January 17, 2018

Palau holds out as China squeezes Taiwan’s allies

Palau, a tiny Pacific nation of just 21,500 people, has vowed to resist renewed pressure from Beijing to cut its diplomatic links with Taiwan.

One of just 20 nations keeping formal diplomatic ties with Taiwan, Palau was named in a notice issued by Chinese officials in December warning travel agencies that it was illegal to advertise group tours to destinations not on China’s approved list.

But while a clampdown on Chinese visitors would hurt the Palau economy, the nation said it had no plans to switch its allegiance away from Taipei.

“Palau is a country of laws, it is a democracy and we make our own decisions,” said Olkeriil Kazuo, spokesperson for Palau’s president, Tommy Remengesau.

China is the biggest source of visitors to tourist-dependent Palau, comprising roughly half the 113,000 visitors to the archipelago so far this year, according to the Asian Development Bank.

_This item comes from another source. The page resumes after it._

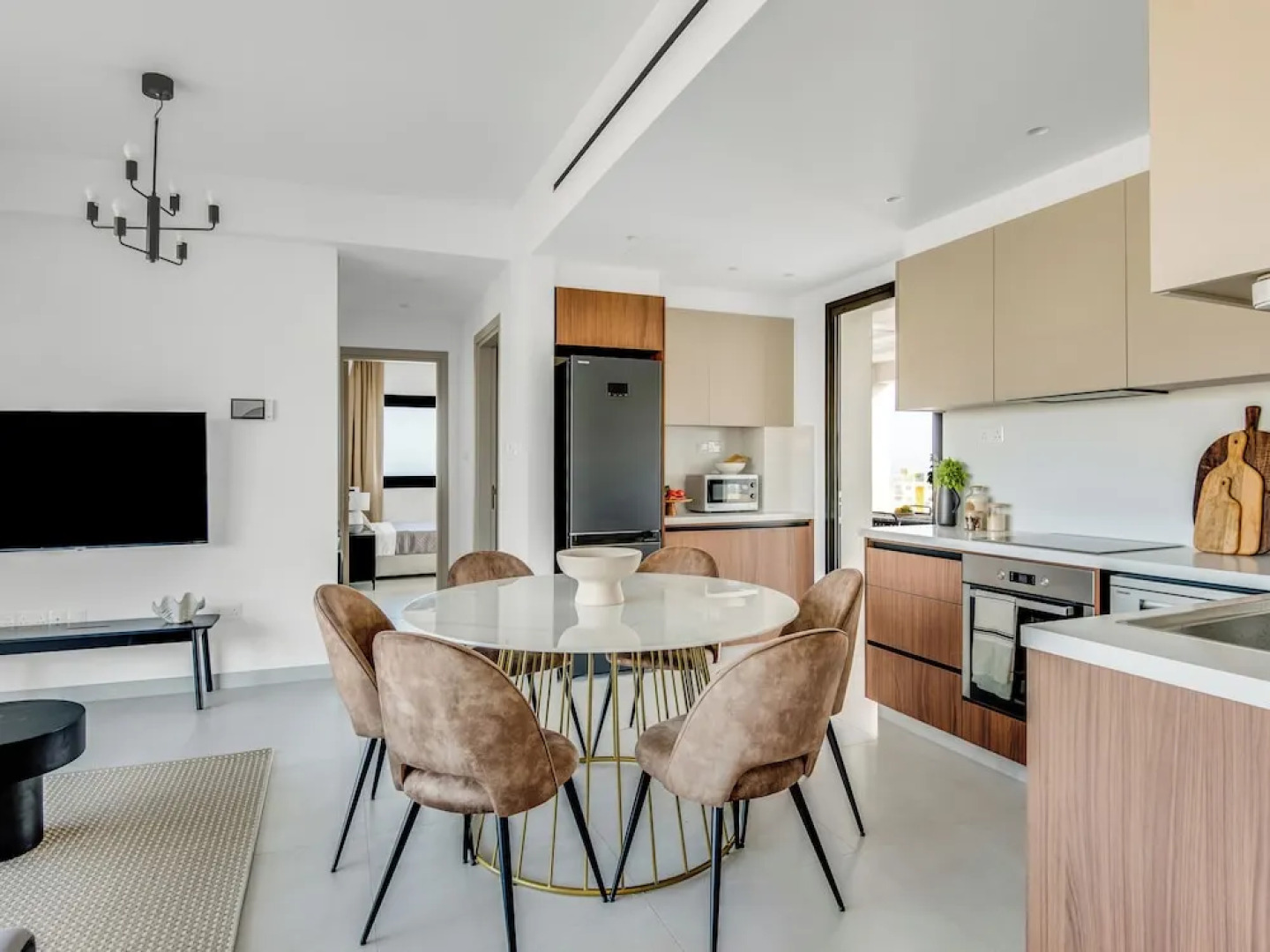 Sanders Elgio - Precious 3-bdr Apt With Balcony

Tensions between China and Taiwan, a self-governed island that Beijing regards as a renegade province, were heightened last year when the Democratic Progressive party led by Tsai Ing-wen won power, replacing the more China-friendly Nationalist party, or Kuomintang.

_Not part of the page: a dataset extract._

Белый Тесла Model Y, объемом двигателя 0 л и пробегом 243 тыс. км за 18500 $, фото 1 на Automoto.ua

The republication of China’s list of approved travel destinations reflects Beijing’s toughening approach towards Taiwan’s allies, experts said.

Kazuo said Beijing’s exclusion of Palau from its list of approved destinations — a measure in place for several years but to date not strictly enforced — has “never affected” the country.

Tourism growth “largely determines economic performance” — the sector accounted for more than half of Palau’s gross domestic product in 2015 — and a “significant” decline in visitors from China, Japan and Taiwan this year has already caused “uncertainty over near-term economic prospects”, according to the ADB.

Dilmei Louisa Olkeriil, Palau’s ambassador to Taiwan, said if the number of Chinese visitors suddenly fell, “of course the [tourism] industry will hurt”.

“If China says, ‘no tourists go to Palau’, then no tourists will come to Palau, we need to be aware of that,” she said, adding that Palau must further diversify its source markets to “protect us from something like this”.

In the decades since China was admitted to the UN in 1971, most countries withdrew recognition of the Republic of China, as Taiwan is formally known, to establish relations with Beijing. In a dogged battle for recognition, both sides have long used promises of financial aid and infrastructure spending to attract allies.

But policymakers in Beijing have now decided that China’s political objectives are not “something they can obtain purely by soft power alone”, said Lauren Dickey, a researcher in cross-Strait relations and a visiting fellow at National Chengchi University in Taipei.

“Even when China has relied on the carrot, the threat of the stick has always been there. The difference is the stick is actually being used this time,” Dickey said.

William Stanton, former head of the American Institute in Taiwan, the unofficial US embassy in Taipei, said it was clear China was “stepping up pressure” against Taiwan.

“It seems to be an important shift,” he said, noting that President Xi Jinping of China had signalled a toughening foreign policy at the Communist party congress in October. “They are a bully and they are going to get worse unless people stand up to them,” said Stanton, who now lectures at National Taiwan University.